Pensata

Marcio Aith

22/07/2002

O preocupante sucesso de José Dirceu nos EUA

Não dá para esconder o sucesso da viagem aos EUA feita na semana passada pelo presidente nacional do PT, deputado José Dirceu. Ele não mentiu e agradou quem se dispôs a ouvi-lo. Impressionou positivamente o FMI, boa parte dos banqueiros e a Casa Branca. Talvez tenha sido a melhor incursão petista aos EUA desde 1989.
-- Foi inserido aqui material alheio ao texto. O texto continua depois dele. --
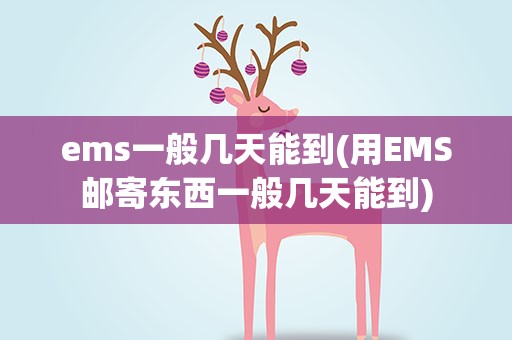 ems一般几天能到(用EMS邮寄东西一般几天能到)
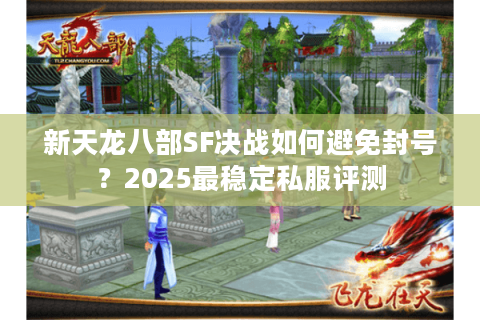 新天龙八部SF决战如何避免封号？2025最稳定私服评测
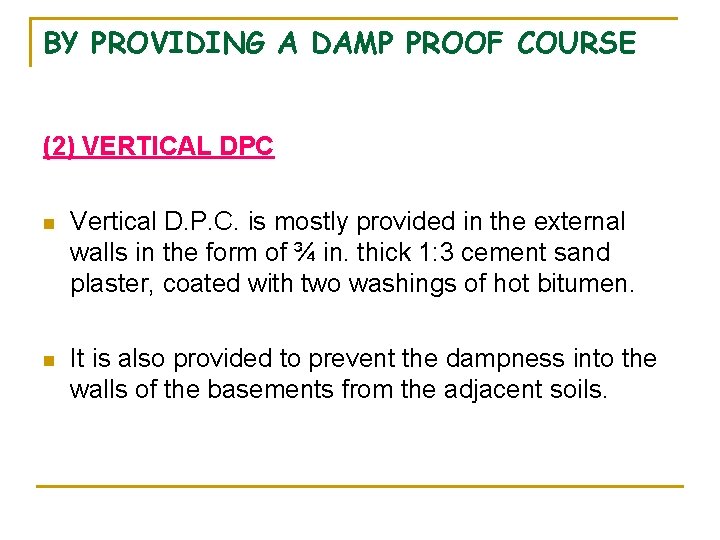 BY PROVIDING A DAMP PROOF COURSE (2) VERTICAL DPC n Vertical D. P. C. BY PROVIDING A DAMP PROOF COURSE (2) VERTICAL DPC n Vertical D. P. C.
Mas é preciso reconhecer, em nome da Justiça e da isonomia entre os candidatos, que parte desse sucesso deve-se ao fato de Dirceu (e outros petistas) ter descoberto ser possível apresentar a mesma verdade em embalagens diferentes. Descoberta, aliás, já feita por outros partidos há décadas.
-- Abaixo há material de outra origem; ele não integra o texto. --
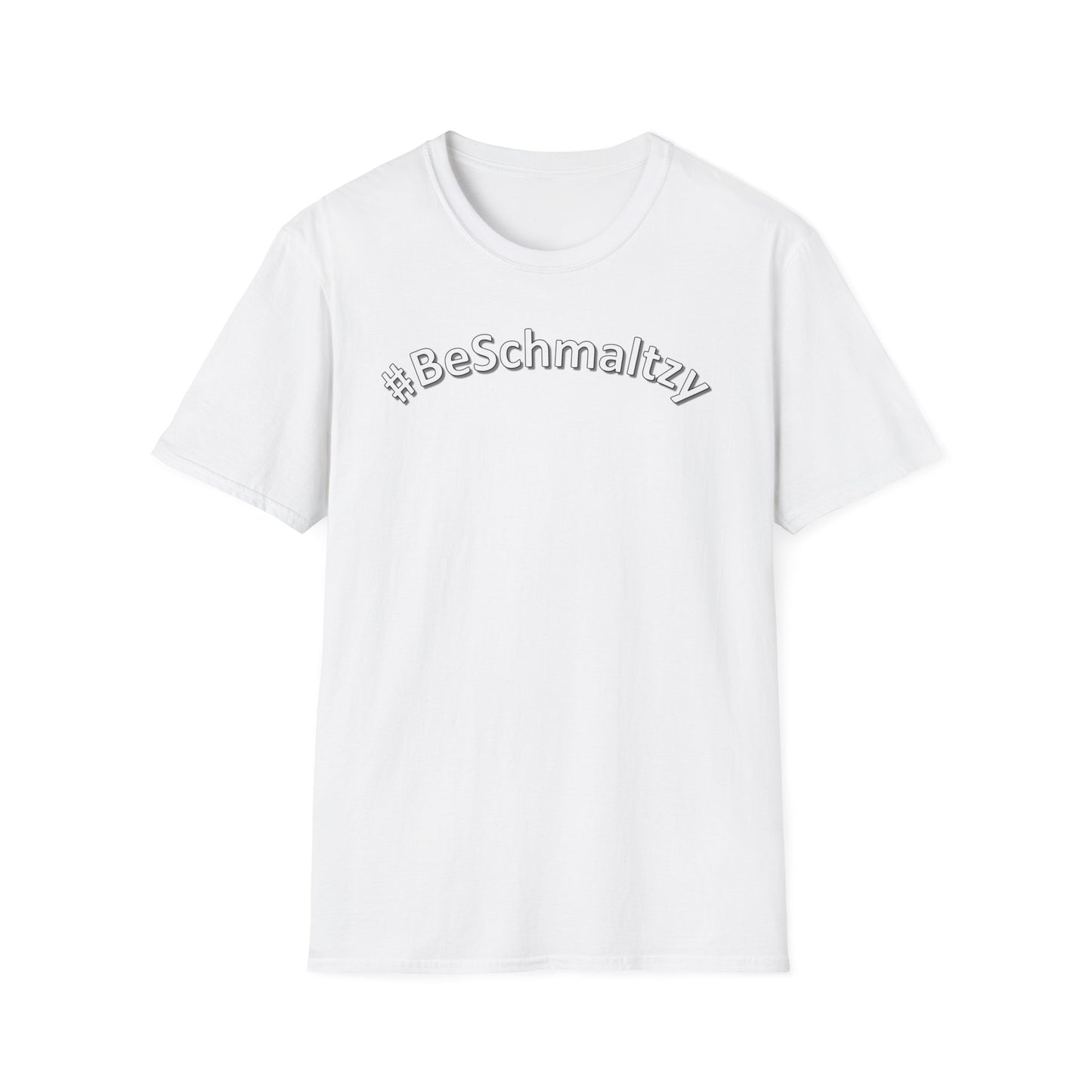 #BeSchmaltzy - Unisex Softstyle T-Shirt - Multiple Colors Available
Todas as reuniões de Dirceu em Washington foram fechadas. Foi assim com banqueiros, com o BID (Banco Interamericano de Desenvolvimento), e com o IIE (Institute for International Economics), o mais influente centro de pesquisa econômica de Washington.

Para sermos justos, poderíamos argumentar que o formato dos encontros é determinado por quem convida, e não pelo convidado. É verdade. Também é verdade que Dirceu teve a coragem de dizer algumas coisas incômodas aos defensores do Consenso de Washington, como reconheceram aqueles que o ouviram.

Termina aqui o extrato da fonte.